The young boys at the Evening Reporting Center are writing their own soundtrack in the juvenile justice system.
“At ERC we be learning/ getting some jobs in return,” rings out through the speakers in the sound booth in the recording studio, which sets up Lee’s verse. “Here they teach us about real life/ not ‘x to the two’/ they should come to my school/ teach a lesson or two.”
Just hours ago, Lee was released from house arrest. At 4 p.m., he promptly arrived at the Northeast Treatment Center at Second and Norris streets – this time, on his own accord.
For the past six months, Lee has been one of the adjudicated delinquent youths under the community-based supervision of the Evening Reporting Center. He’s been working with his peers to put together a theme song for the ERC and voluntarily came to the music program today to use the third-floor recording studio.
The kids at ERC are all given a second chance. Instead of being sent away to a juvenile detention center, they are placed under supervision in their communities.
After school lets out, youths arrive to the court-mandated, alternative placement program. They are supervised between peak crime hours, 4-8 p.m., then return home – their GPS ankle monitors make sure of it.
Here, they learn to cook meals for one another, to plan finances and to develop social connections through music, art and sports. The creative alternative to juvenile detention “works to view the whole child,” says Adam Serlin, ERC program director and former musician.
“It’s not always what the child did. It’s what has been done to the child,” Serlin says. At the ERC, he says they first ask, “What are the ways we can address the deeper causes for behavior?”
In other words, the program pays special attention to rehabilitation instead of punishment.
Through the juvenile justice system, the ERC works with the Department of Human Services and Philadelphia Family Courts to provide community supervision during the length of house arrest. To provide music programming as a form of creative expression, the ERC is partnered with the nonprofit Limelight Arts.

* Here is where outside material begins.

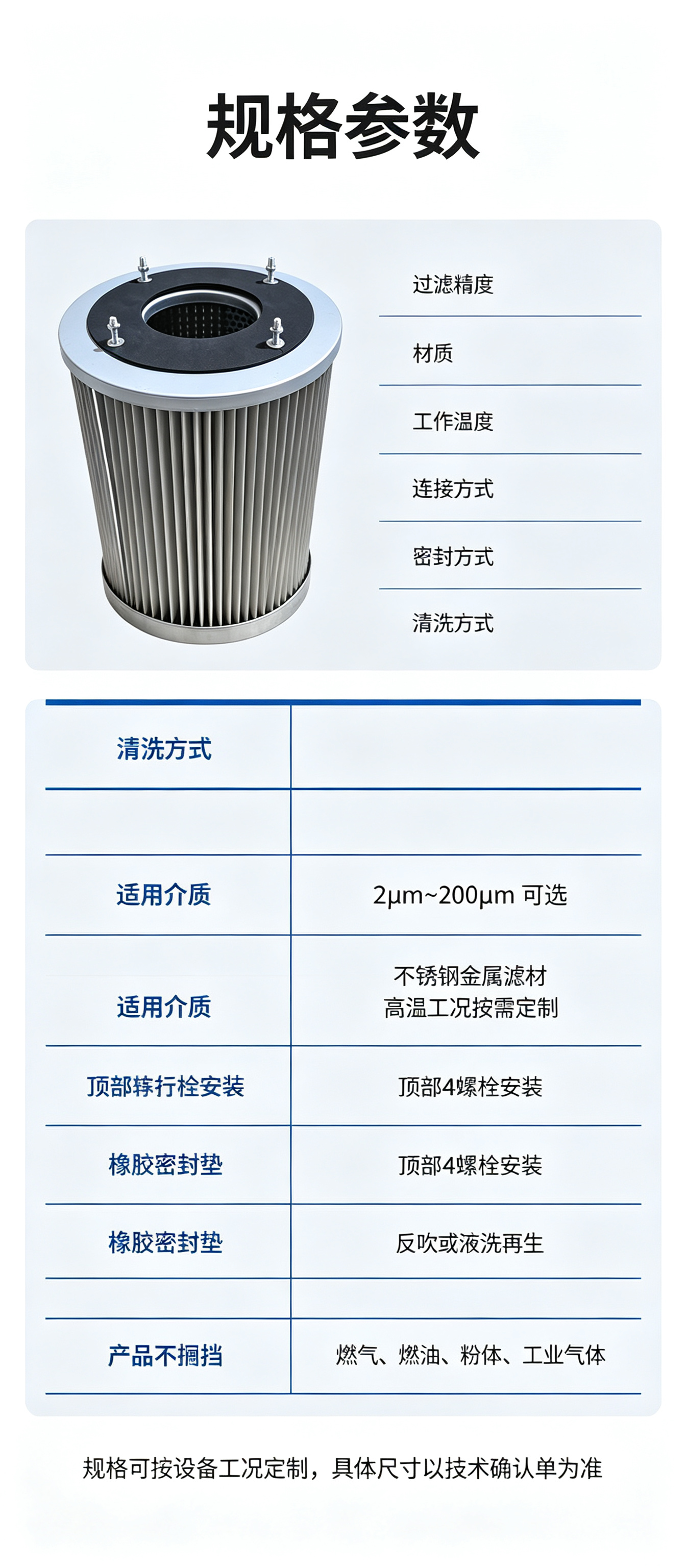 中滤科技 燃气锅炉燃烧器滤芯 304 不锈钢网折叠 耐高温耐压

“We give them interests they can connect to so moving forward, they’ll have some new passions that can prevent issues or recidivation in the future,” Serlin says.
Co-founders Frank Machos and Avery Coffee provide ongoing opportunities for the at-risk youths to build tangible skills in music. Machos utilizes his role as the director of music education for the Philadelphia School District to help secure equipment for the ERC and place kids who complete the program into school music programs after the end of their sentence.
His partner, Coffee, visits the program every Wednesday to provide hands-on music instruction. For Coffee, watching kids engage with unfamiliar instruments as an act of creative expression is what makes this program special.
“They get to have a voice,” Coffee says. “In this system, you’re getting talked down to constantly. You’re constantly surrounded by adults who don’t understand your situation. They aren’t looking you in the eye. They’re writing stuff down and you’re getting passed down the line. In here, you get to say what’s on your mind. This is your outlet. You’re not just a number.”
It was Serlin’s goal to create pro-social programs that would allow his kids to feel heard and find a productive way to let off steam.
“Our kids are not different than any other kid,” Serlin says. “A lot of times they just have fewer programs to go to and fewer things to do. That typically leads to trouble.”
Serlin identified music as a transferrable skill that can be carried anywhere and used as a coping mechanism if the child has issues at home.
“Music helps me express myself because I can get stuff off my chest,” Lee says. “If I’m having an issue with something, I can rap it and it will relieve it a little bit.”
The measurable successes of the Evening Reporting Center in its pilot year have allowed the branch to expand from a pre-adjudicatory program that supervised youths awaiting trial, into a six month post-adjudicatory program that serves as a true alternative to juvenile detention.
According to the DHS, in 2014, 82 percent of youths placed in Philadelphia ERCs were successful in exiting the juvenile justice system.
Fajr, a 17-year-old alumnus from West Philadelphia, was one of them. The skills he learned in the music program landed him internships with Jr. Music Executives and PhillyCAM before being hired to measure data by the ERC.
“If you’re interested, everything is in your reach,” Fajr says as he sits behind a keyboard in the live music room, mindlessly pressing keys as he speaks. “They’re not asking you to do anything except play music. I was blind to everything when I came in here. They presented me with ideas that worked in my own head.”
The ultimate goal of the Evening Reporting Center is to provide at-risk youths with skills for rehabilitation. They aren’t looking to make a star of every kid that walks in the studio. Instead, they are focused on the healing power of music and the potential of a second chance.
“Even if it’s just making the process a little more palatable throughout, making their journey through the juvenile justice system something that is a little less terrifying, that’s a success,” Serlin says.